All those issues rising from updates with excessive download times, add up and cause frustration on user side. User frustration, obviously, has negative effects on customer relationship in general. It affects the acceptance of bug-fixes and bugs in general. Everybody knows, that software may have bugs (since developers are human) and should be happy if they are fixed. But since every fix involves a disproportionately large update, users are rather frustrated about it and developers have to add at least something to make up for it.

Excessive update times also lower the willingness to download software in general. Online gaming companies which, for example, rely on micro-transactions, will have an interest, that users are willing to update to be able to access their service. But also, for example, when doing a quick purchase of a casual mini-game at late evening on weekend, people consider the time they have to spend waiting for the download. Since users do not really measure the time and calculate the expected download time, they will estimate it based on their experience. And their experience will be worse, the more time they have recently spend waiting for updates.

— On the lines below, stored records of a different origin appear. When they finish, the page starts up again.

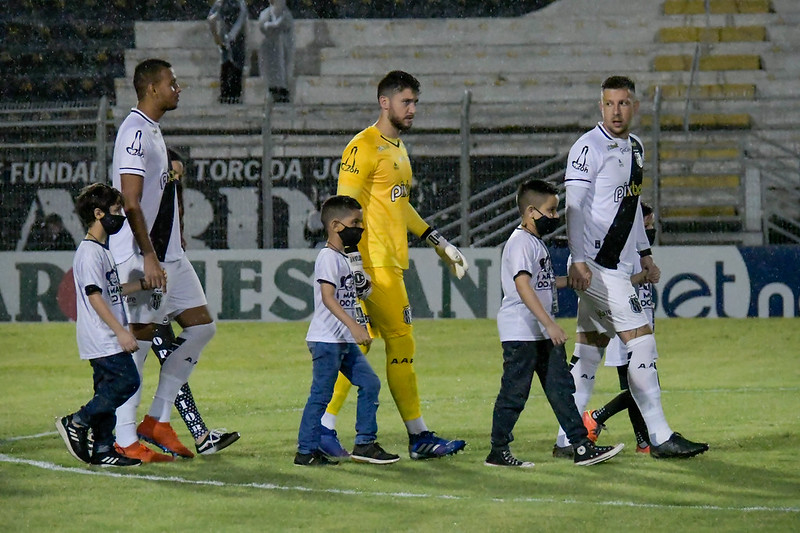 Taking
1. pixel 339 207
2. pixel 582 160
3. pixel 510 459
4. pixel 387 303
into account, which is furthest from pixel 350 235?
pixel 510 459

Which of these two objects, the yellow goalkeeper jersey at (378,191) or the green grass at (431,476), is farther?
the yellow goalkeeper jersey at (378,191)

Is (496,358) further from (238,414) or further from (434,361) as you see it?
(238,414)

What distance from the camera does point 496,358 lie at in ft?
43.3

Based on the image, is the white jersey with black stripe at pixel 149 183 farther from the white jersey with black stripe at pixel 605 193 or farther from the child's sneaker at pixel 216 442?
the white jersey with black stripe at pixel 605 193

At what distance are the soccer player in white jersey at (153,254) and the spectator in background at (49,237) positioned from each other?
410 inches

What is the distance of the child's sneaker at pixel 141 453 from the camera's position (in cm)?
709

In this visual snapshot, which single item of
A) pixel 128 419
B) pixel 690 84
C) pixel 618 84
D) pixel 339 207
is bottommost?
pixel 128 419

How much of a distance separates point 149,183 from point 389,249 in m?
1.31

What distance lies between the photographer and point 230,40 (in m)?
20.4

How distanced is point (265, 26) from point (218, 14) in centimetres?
74

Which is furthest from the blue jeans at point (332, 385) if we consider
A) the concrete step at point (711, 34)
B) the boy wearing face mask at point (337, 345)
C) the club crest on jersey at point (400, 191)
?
the concrete step at point (711, 34)

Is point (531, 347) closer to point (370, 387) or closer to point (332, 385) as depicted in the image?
point (370, 387)

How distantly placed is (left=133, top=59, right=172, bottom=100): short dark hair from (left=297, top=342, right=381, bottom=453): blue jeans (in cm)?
164

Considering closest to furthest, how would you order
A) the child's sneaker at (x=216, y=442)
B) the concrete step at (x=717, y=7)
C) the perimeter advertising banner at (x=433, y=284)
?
the child's sneaker at (x=216, y=442) < the perimeter advertising banner at (x=433, y=284) < the concrete step at (x=717, y=7) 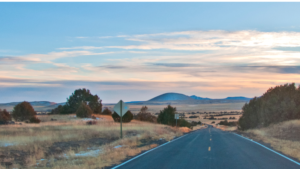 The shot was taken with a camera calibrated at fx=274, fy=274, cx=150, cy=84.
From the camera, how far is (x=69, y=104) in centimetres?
7706

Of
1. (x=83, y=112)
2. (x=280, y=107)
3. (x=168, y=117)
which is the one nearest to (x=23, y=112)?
(x=83, y=112)

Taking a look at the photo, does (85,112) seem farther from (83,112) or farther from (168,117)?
(168,117)

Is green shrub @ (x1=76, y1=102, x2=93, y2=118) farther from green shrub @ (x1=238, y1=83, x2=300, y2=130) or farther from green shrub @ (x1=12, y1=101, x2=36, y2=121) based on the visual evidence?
green shrub @ (x1=238, y1=83, x2=300, y2=130)

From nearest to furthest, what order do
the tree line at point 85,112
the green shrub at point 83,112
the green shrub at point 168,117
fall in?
the tree line at point 85,112
the green shrub at point 83,112
the green shrub at point 168,117

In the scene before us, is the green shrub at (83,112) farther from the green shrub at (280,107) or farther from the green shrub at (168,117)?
the green shrub at (280,107)

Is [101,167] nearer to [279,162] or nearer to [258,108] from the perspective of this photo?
[279,162]

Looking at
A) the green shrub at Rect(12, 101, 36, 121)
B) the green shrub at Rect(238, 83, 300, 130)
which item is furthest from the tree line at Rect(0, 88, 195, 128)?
the green shrub at Rect(238, 83, 300, 130)

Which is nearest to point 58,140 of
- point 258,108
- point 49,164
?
point 49,164

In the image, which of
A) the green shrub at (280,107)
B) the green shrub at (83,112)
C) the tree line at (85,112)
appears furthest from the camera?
the green shrub at (83,112)

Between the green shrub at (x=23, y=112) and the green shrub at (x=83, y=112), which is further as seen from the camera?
the green shrub at (x=83, y=112)

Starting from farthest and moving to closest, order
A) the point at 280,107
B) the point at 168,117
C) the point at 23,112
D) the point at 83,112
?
1. the point at 168,117
2. the point at 83,112
3. the point at 23,112
4. the point at 280,107

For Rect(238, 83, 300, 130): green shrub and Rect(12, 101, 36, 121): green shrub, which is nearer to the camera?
Rect(238, 83, 300, 130): green shrub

This breakdown of the current state, provides a lot of good arguments to reconsider the current update distribution process. The goal of this project is to tackle all the currently existing issues of patch creation, distribution and application by developing a procedure and a framework, which allows seamless integration into an existing update distribution process, with minimal or no effort. This will be mainly achieved by the introduction of a so-called delta service, which detects updates, generates deltas on client requests and distributes them when ready. Another major topic of this project is the development of a tool, which assists binary diff tools, when dealing with large and compressed software packages which usually produce bad results in patch creation. Not part of this project is the development of a diff tool. Algorithms for generic binary diffs have been researched in the past and the current state is good enough to provide significant advantages when used properly.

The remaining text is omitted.